== Data for this task

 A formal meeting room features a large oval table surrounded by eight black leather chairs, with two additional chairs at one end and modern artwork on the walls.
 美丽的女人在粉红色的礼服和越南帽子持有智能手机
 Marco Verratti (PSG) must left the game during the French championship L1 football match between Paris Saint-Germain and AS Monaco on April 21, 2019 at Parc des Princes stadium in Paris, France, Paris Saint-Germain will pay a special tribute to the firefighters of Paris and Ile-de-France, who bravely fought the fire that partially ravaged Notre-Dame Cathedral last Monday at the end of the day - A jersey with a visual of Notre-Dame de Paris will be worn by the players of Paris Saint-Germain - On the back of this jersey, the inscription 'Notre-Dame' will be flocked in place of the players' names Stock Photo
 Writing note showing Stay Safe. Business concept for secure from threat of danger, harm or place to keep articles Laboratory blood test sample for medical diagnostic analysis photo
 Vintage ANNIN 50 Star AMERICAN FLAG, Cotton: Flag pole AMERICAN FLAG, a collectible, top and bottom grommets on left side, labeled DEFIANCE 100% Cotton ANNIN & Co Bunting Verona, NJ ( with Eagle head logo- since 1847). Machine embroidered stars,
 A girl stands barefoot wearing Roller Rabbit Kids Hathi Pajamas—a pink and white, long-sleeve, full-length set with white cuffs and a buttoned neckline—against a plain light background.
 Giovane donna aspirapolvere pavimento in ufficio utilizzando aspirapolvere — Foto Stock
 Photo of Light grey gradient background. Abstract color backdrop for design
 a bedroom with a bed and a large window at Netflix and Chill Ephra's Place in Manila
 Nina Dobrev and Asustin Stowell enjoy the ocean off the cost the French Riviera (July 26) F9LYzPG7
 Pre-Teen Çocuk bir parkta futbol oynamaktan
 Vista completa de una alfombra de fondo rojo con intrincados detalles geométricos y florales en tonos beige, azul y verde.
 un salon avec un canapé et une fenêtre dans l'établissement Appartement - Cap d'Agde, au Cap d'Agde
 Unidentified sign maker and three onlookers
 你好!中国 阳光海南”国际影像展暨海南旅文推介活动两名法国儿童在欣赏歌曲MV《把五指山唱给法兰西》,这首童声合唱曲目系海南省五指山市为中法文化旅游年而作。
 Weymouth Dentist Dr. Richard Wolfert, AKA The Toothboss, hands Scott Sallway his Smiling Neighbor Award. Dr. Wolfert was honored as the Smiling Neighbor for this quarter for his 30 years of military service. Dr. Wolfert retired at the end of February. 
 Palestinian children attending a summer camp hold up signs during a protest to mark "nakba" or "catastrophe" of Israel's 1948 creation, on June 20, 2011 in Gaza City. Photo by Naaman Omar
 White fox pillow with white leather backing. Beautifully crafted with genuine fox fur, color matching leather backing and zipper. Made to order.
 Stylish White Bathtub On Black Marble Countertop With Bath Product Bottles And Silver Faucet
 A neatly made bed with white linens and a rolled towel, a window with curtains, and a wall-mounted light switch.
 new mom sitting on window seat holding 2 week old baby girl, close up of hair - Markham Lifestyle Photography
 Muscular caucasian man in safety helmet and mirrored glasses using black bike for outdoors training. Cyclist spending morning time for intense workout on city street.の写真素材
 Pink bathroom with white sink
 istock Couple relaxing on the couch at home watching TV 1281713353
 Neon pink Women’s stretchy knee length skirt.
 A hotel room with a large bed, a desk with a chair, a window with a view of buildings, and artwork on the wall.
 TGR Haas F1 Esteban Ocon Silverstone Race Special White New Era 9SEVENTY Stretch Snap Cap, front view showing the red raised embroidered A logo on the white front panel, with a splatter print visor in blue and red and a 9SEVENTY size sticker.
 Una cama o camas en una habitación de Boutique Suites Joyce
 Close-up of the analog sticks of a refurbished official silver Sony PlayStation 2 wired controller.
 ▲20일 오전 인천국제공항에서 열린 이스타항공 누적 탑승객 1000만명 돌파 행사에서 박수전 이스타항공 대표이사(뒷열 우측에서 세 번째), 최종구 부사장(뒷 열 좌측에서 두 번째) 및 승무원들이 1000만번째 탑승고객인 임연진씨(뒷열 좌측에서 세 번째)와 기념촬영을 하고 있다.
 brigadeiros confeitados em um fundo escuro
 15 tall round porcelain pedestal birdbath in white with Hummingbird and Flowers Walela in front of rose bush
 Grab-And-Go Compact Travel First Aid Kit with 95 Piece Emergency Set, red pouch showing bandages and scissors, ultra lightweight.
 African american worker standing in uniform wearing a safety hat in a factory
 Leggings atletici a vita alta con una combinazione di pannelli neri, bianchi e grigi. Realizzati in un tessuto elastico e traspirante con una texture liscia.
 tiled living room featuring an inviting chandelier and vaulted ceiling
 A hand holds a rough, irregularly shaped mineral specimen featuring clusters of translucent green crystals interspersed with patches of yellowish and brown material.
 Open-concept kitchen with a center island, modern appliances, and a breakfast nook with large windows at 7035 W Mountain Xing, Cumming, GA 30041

====

- **Problem requirements**:
From the first line of the records above to the line that contains "Vintage ANNIN 50", quote each line exactly.

- **Task result**:
 A formal meeting room features a large oval table surrounded by eight black leather chairs, with two additional chairs at one end and modern artwork on the walls.
 美丽的女人在粉红色的礼服和越南帽子持有智能手机
 Marco Verratti (PSG) must left the game during the French championship L1 football match between Paris Saint-Germain and AS Monaco on April 21, 2019 at Parc des Princes stadium in Paris, France, Paris Saint-Germain will pay a special tribute to the firefighters of Paris and Ile-de-France, who bravely fought the fire that partially ravaged Notre-Dame Cathedral last Monday at the end of the day - A jersey with a visual of Notre-Dame de Paris will be worn by the players of Paris Saint-Germain - On the back of this jersey, the inscription 'Notre-Dame' will be flocked in place of the players' names Stock Photo
 Writing note showing Stay Safe. Business concept for secure from threat of danger, harm or place to keep articles Laboratory blood test sample for medical diagnostic analysis photo
 Vintage ANNIN 50 Star AMERICAN FLAG, Cotton: Flag pole AMERICAN FLAG, a collectible, top and bottom grommets on left side, labeled DEFIANCE 100% Cotton ANNIN & Co Bunting Verona, NJ ( with Eagle head logo- since 1847). Machine embroidered stars,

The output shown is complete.